Warmth radiated from Chris, replacing her fear and cold and panic and inability to breathe with comfort and caring and safety. He captured Haley’s gaze, held it, spoke volumes of needed things to her with those blue eyes, with the slight curve of his lips. Chris held promise, a promise Haley’d subconsciously desired for years.

“Don’t make her talk about it, Richard,” he said. Chris was every bit his father and every bit his mother. He was kind and intelligent, genuine and honest. If only she’d let him in sooner.

Maybe in some sick, twisted way Walter really had helped Haley.

Definitely sick and twisted.

“As long as I don’t have to kick someone’s ass for a black eye and—”

“Don’t worry about it, Richard. My dad won’t ever touch me again. But… thanks.” Haley found a spare smile and gave it to Chris, and even in a cramped truck, she felt as if they were alone.

“Good. I’ll kill your dad if he ever tries this again.” Richard swiped dark blond hair from his forehead, then returned his hand to the wheel, quiet, contemplative.

They sat in silence and drove on winding roads through flatlands with large pristine farms: two-story houses with wrap around porches at the end of long driveways; big red barns overflowing with hay set off a short distance from each house; mountains set far behind it all, climbing up, up, up. Guardrails replaced the empty space next to the road, steep hills carved out by jagged rocks, pine trees everywhere. Yet they kept driving, the rocks climbing higher, the space between them and the guardrails growing narrower until the land leveled out, the trees cleared, then the process started all over again.
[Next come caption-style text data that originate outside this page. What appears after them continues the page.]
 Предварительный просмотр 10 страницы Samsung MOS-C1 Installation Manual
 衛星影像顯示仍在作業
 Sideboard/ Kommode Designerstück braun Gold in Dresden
An hour later, they drove up and down Cross Road in Clarksburg. Haley leaned across Chris and pressed her nose to the glass. She searched for any house she deemed fixer-upper. There were so many potential places Walter could have hidden Joce and Niles, but nothing she was sure about.
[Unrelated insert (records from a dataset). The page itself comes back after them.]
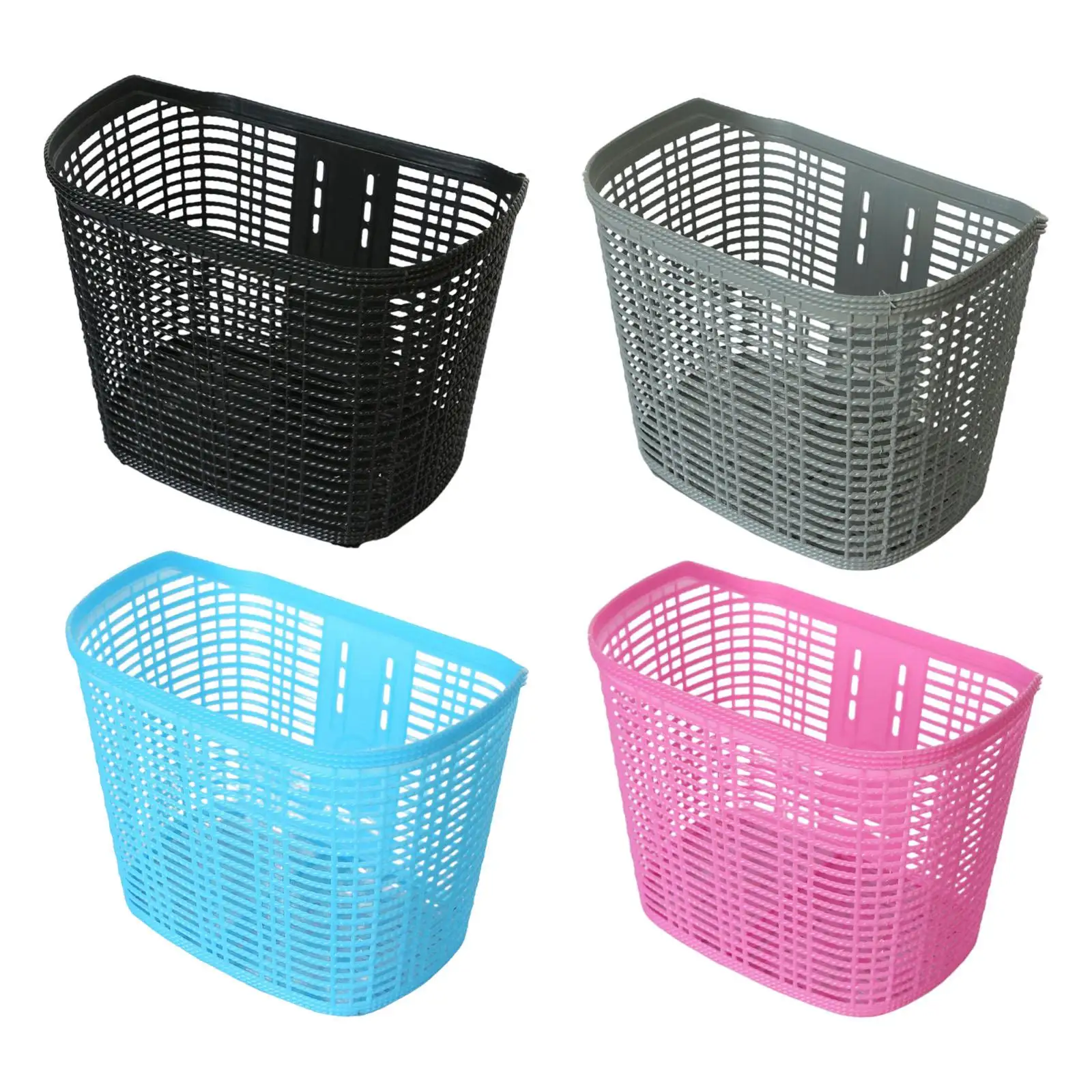 Plastic Bike Basket Commuting for Mountain Bike Picnic Shopping Pet Carrier Cycling Accessories Handlebar Basket Storage Basket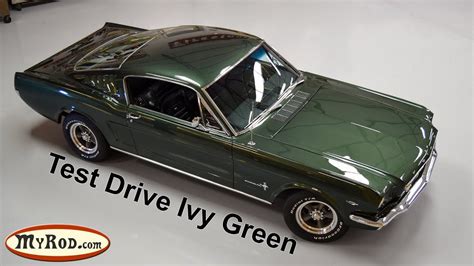 1966 Mustang Fastback Ivy Green Youtube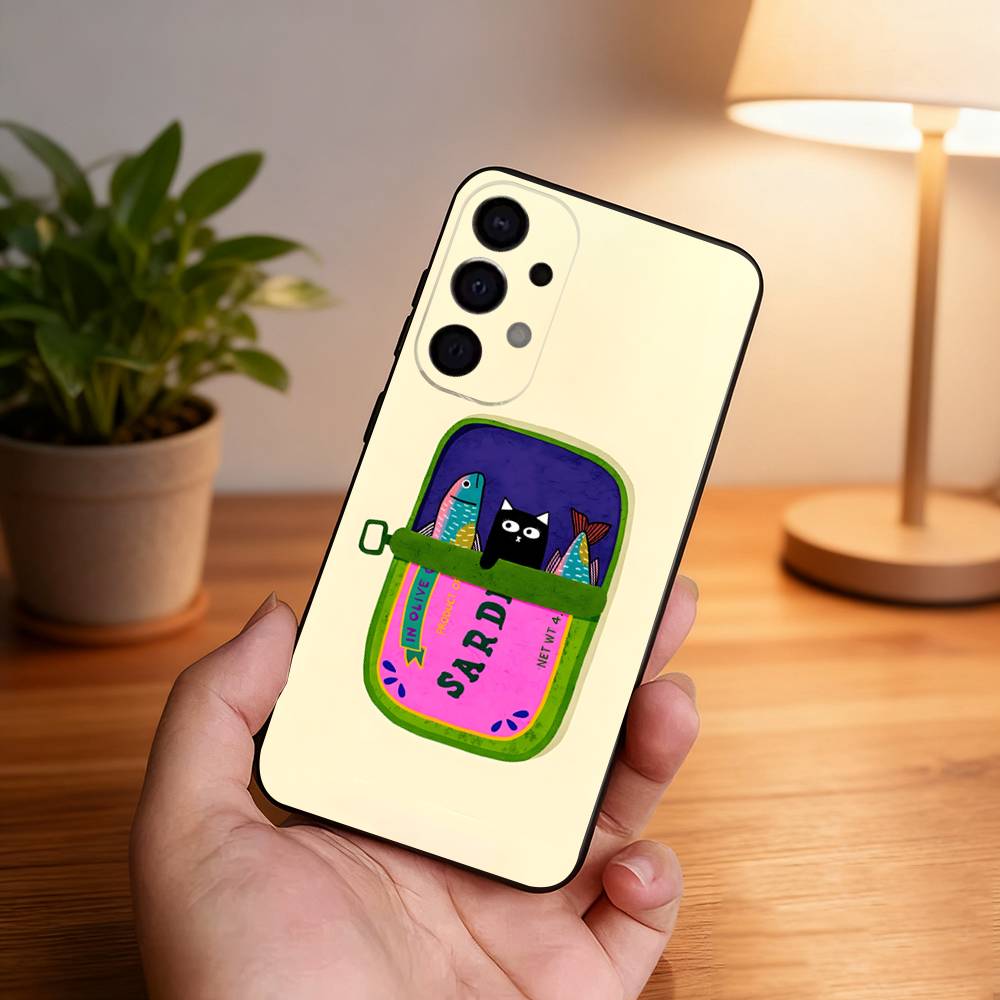 Fish Funny Sardines For Samsung S26,S25,S24,S21,S22,S23,S30,Ultra,S20,Plus,Fe,Lite,5G Black Cover Phone Case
“What exactly are we looking for?” Chris asked as Richard pulled a u-ey on River Road and paced the same path, wound along the same narrow two-lane highway. “Clarksburg isn’t all that large, and we’ve been down this street five times.”

Blood. An S.O.S. on the side of a house. A sign. “I don’t know.”
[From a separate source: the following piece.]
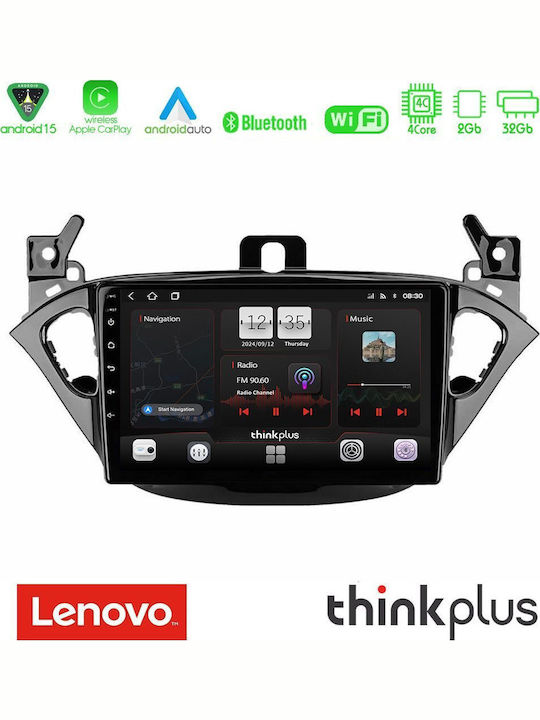 Lenovo Car Audio System for Opel Corsa / Adam 2013 (Bluetooth/USB/WiFi/GPS/Apple-Carplay/Android-Auto) with Touch Screen 9"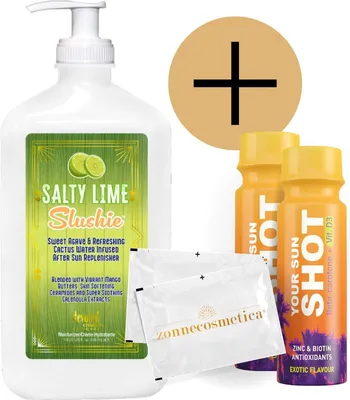Produktbild von Devoted Creations - Salty Lime Slushie + 2 Your Sun Shots + 2 erfrischende Tücher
Pulling onto the shoulder next to a Bungalow-style home with gray siding and red shutters, Richard put to words what Haley already knew, but in slightly more ridiculous ways. “This is like searching for Waldo. I’ve always hated that stupid game.”

“Yeah. What moron said.” Christine stretched her legs and cracked her knees. “We’re not going to find Crazy Old Walter this way, not without badgering his poor mom for information.”

“What if we just sit here and watch every car that passes?”

“Are you suggesting we stalk the whole town?” Chris asked.

“You said it yourself: Clarksburg’s not that large.”

“Don’t think I have enough battery left for that.” He tapped the screen on his phone. “If we do find Walter, we’re going to need to call someone for help.”

A narrow, rocky driveway sat near the Bungalow and lead to a small house with navy-blue siding. Boards rested unevenly, falling off in several places, and the grass looked as though it hadn’t been cut since last spring. “We could knock on a few doors and ask if anyone knows Walter. Start here?”